- STORED DATA -
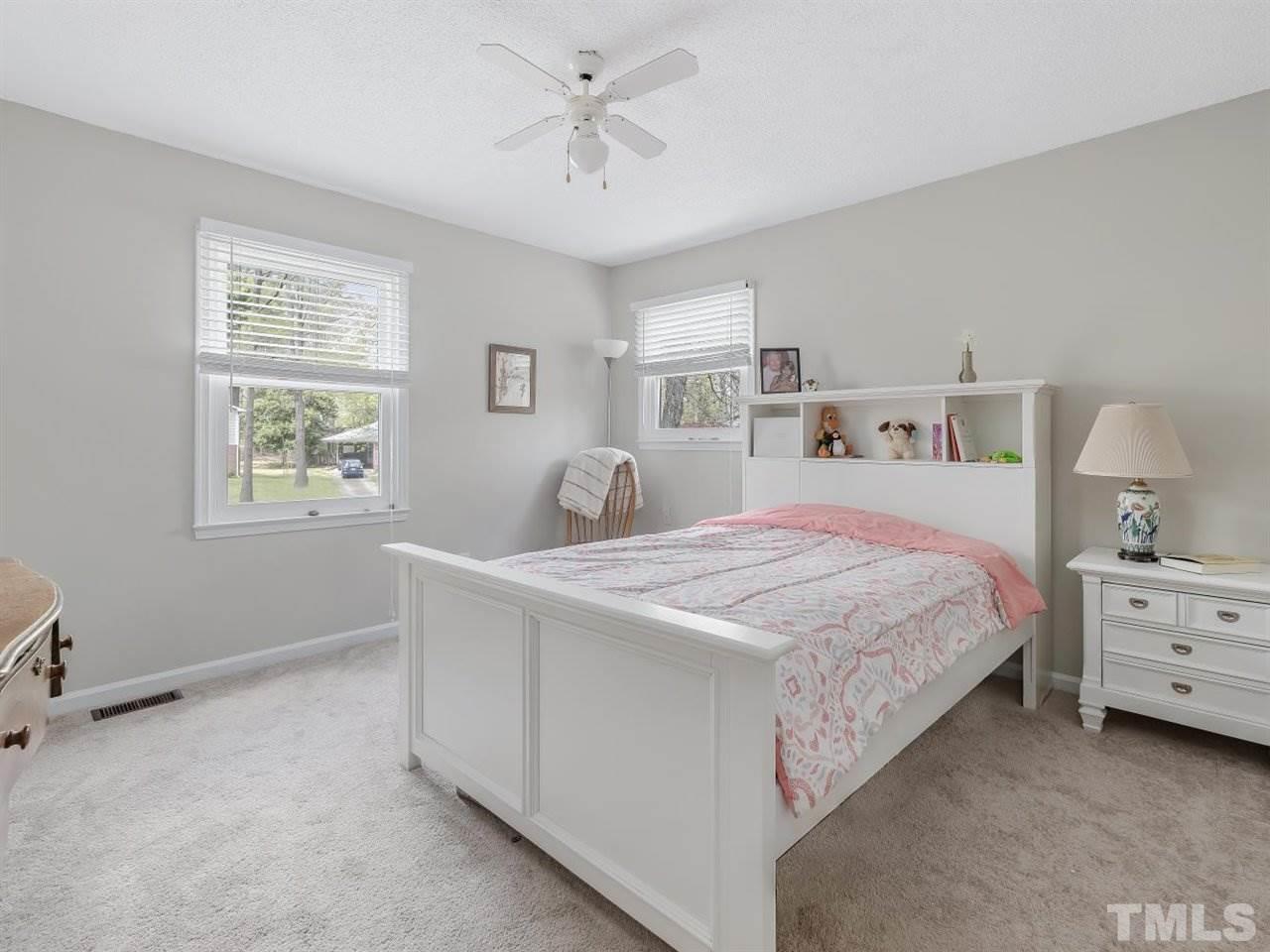 706 Grimstead Circle Cary, NC 27511 - Photo 21 of 30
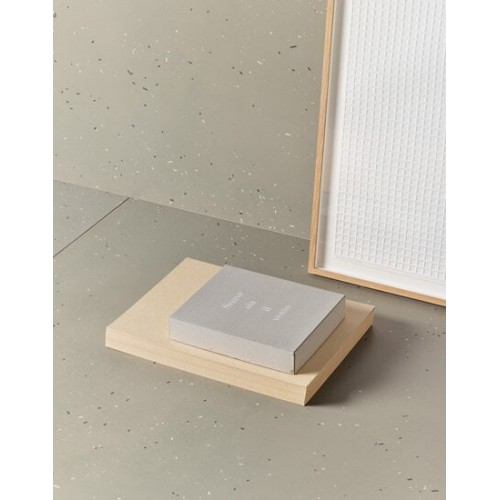 Pavement and coating by Barberosgerby for Mutina | Terracerámica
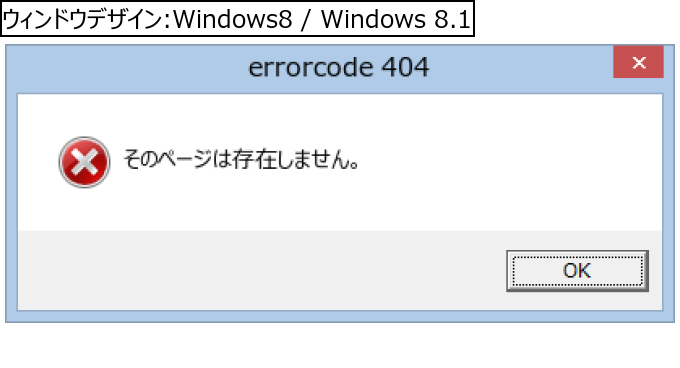 作成ウィンドウ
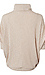 Wide Ribbed Cowl Neck Top Thumb 2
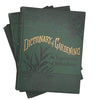 The Illustrated Dictionary of Gardening by George Nicholson (7 Books)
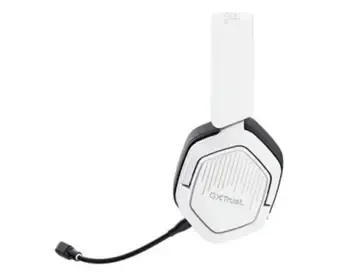 Headset Trust Gxt493Ps Carus Wrls PS5 Headset WHT Tbilisi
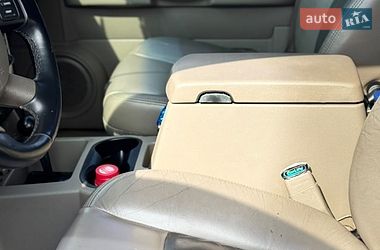 Позашляховик / Кросовер Dodge Durango 2004 в Кам'янець-Подільському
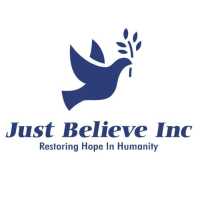 Just Believe Inc Logo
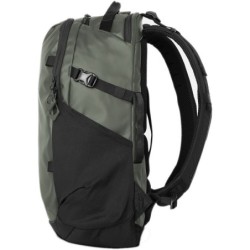 Wandrd Nimbus 18 Verde Wasatch Mochila | mochila fotográfica | mochila 18 litros | mochila fotográfica Wandrd Nimbus verde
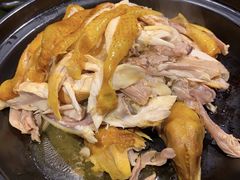 -秋色客家菜(流塘店)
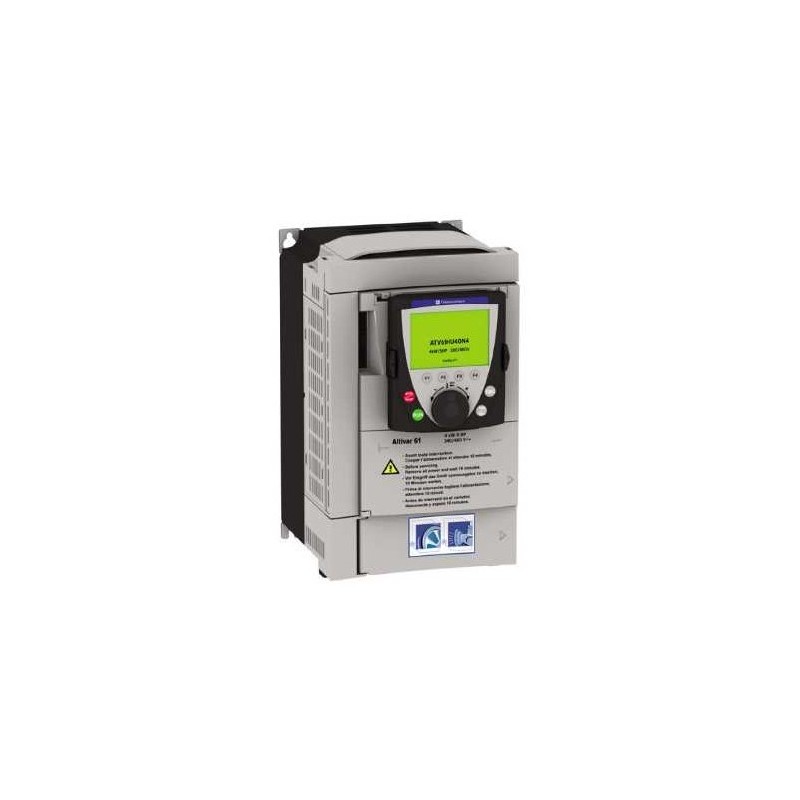 Schnieder Electric ATV61H075M3Z  Altivar 61 Variable speed drive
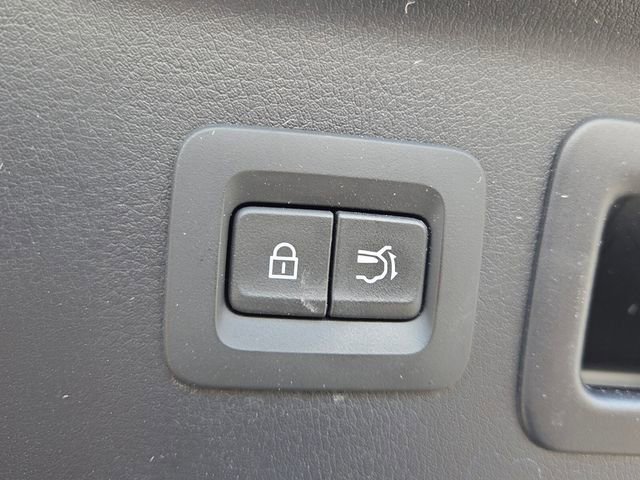 Used 2025 MAZDA CX-90 3.3 Turbo w/ Premium Sport Pkg image 14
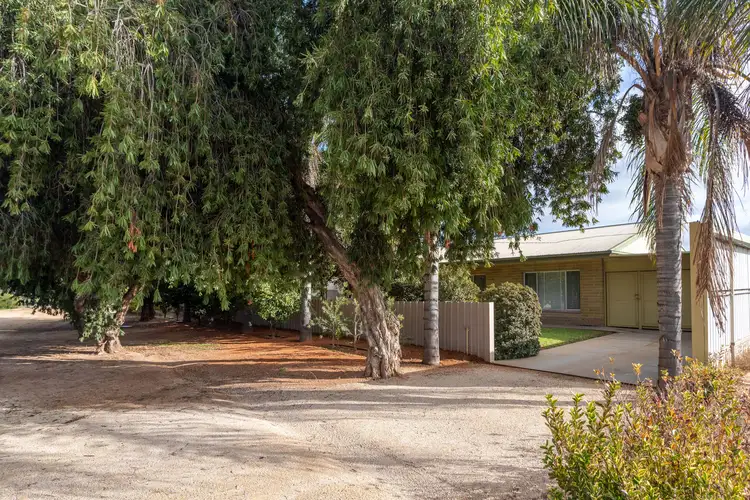 Second view of Homely house listing, 865 Old Sturt Highway, Glossop SA 5344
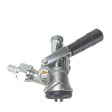 Euro "S" Type Sankey Coupler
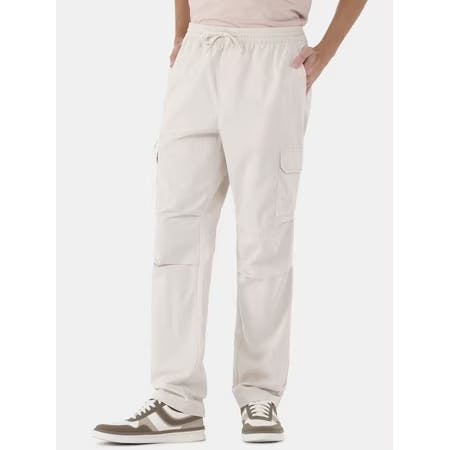 No Boundaries Men's Cargo Pants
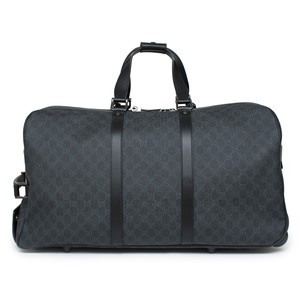 gucci roller bag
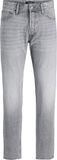 JACK&JONES JEANS INTELLIGENCE Heren Jeans JJICHRIS JJORIGINAL AKM 917 NOOS Grey Denim W36 x L32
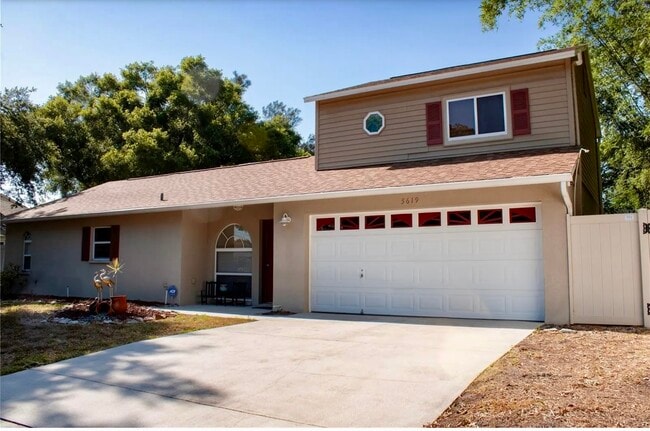 property at 5619 52nd Ave N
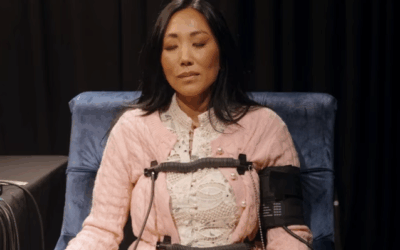 Erika Jayne and Teddi Mellencamp SLAM RHOC’s Lie Detector Company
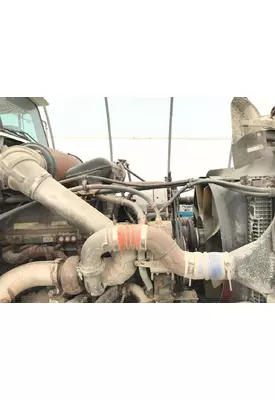 Freightliner FLD120 Radiator Core Support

- TRY IT -
Each line above is to be copied verbatim. Drop any image from the copy.

- YOUR SOLUTION -
 706 Grimstead Circle Cary, NC 27511 - Photo 21 of 30
 Pavement and coating by Barberosgerby for Mutina | Terracerámica
 作成ウィンドウ
 Wide Ribbed Cowl Neck Top Thumb 2
 The Illustrated Dictionary of Gardening by George Nicholson (7 Books)
 Headset Trust Gxt493Ps Carus Wrls PS5 Headset WHT Tbilisi
 Позашляховик / Кросовер Dodge Durango 2004 в Кам'янець-Подільському
 Just Believe Inc Logo
 Wandrd Nimbus 18 Verde Wasatch Mochila | mochila fotográfica | mochila 18 litros | mochila fotográfica Wandrd Nimbus verde
 -秋色客家菜(流塘店)
 Schnieder Electric ATV61H075M3Z  Altivar 61 Variable speed drive
 Used 2025 MAZDA CX-90 3.3 Turbo w/ Premium Sport Pkg image 14
 Second view of Homely house listing, 865 Old Sturt Highway, Glossop SA 5344
 Euro "S" Type Sankey Coupler
 No Boundaries Men's Cargo Pants
 gucci roller bag
 JACK&JONES JEANS INTELLIGENCE Heren Jeans JJICHRIS JJORIGINAL AKM 917 NOOS Grey Denim W36 x L32
 property at 5619 52nd Ave N
 Erika Jayne and Teddi Mellencamp SLAM RHOC’s Lie Detector Company
 Freightliner FLD120 Radiator Core Support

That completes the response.